§ Problem statement: Below are entries. Copy exactly the lines running from the line that holds "MSI Clutch GM31" to the line that holds "Set of Three", with both ends included.

§ Materials provided:
-----

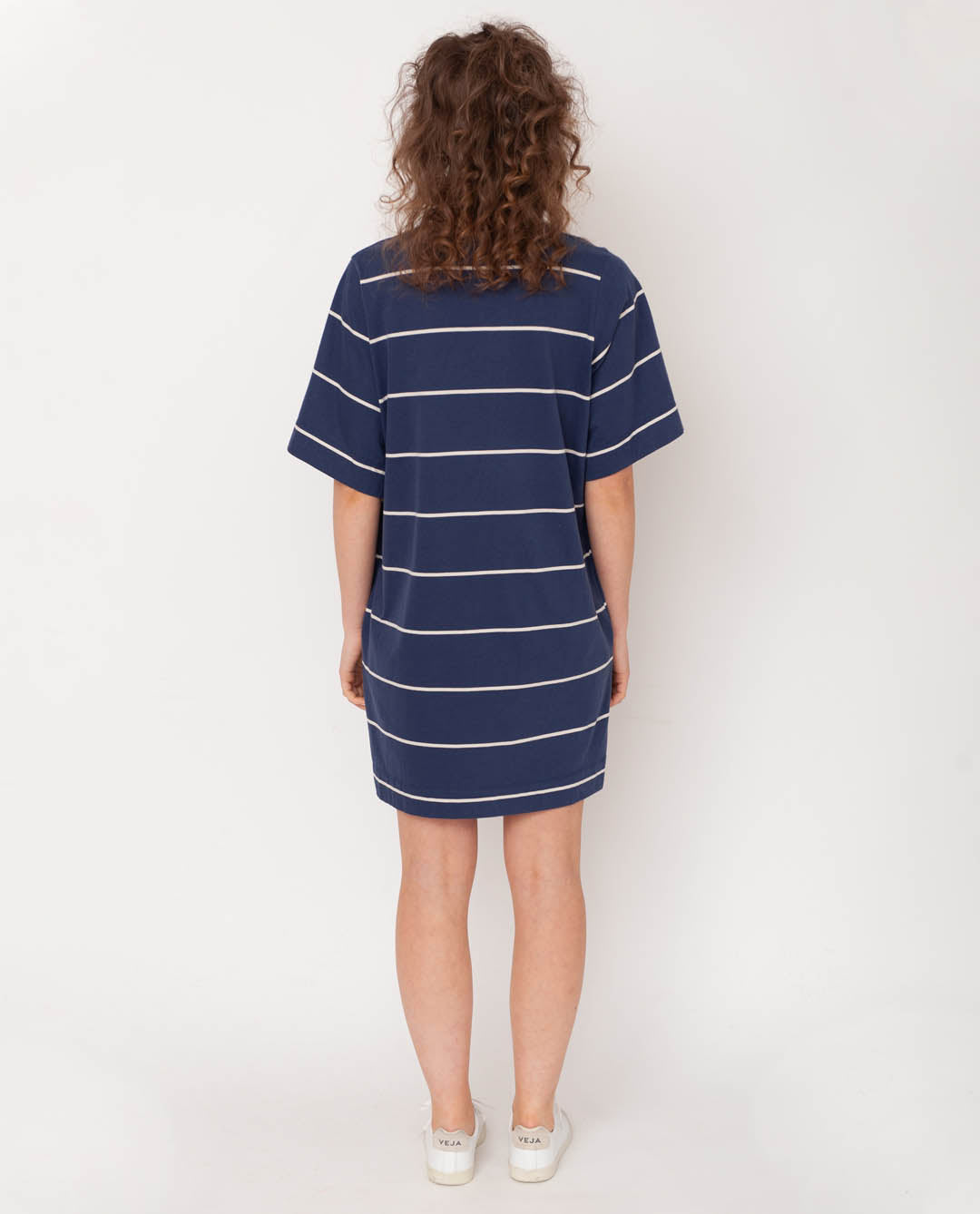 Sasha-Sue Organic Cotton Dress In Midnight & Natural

-----

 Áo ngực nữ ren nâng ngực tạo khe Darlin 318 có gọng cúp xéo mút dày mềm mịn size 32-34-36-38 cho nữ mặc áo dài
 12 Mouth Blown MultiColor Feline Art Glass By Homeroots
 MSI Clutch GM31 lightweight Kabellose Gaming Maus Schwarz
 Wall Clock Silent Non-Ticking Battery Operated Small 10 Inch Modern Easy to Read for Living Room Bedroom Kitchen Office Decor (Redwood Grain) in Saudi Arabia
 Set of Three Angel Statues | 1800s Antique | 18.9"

-----

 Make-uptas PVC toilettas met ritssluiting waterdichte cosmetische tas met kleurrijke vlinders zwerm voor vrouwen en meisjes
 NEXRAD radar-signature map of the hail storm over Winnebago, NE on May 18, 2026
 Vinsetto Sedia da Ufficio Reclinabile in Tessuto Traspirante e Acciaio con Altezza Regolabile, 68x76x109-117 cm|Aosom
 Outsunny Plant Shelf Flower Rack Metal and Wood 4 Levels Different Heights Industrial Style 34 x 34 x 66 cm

-----

§ Exercise response:
 MSI Clutch GM31 lightweight Kabellose Gaming Maus Schwarz
 Wall Clock Silent Non-Ticking Battery Operated Small 10 Inch Modern Easy to Read for Living Room Bedroom Kitchen Office Decor (Redwood Grain) in Saudi Arabia
 Set of Three Angel Statues | 1800s Antique | 18.9"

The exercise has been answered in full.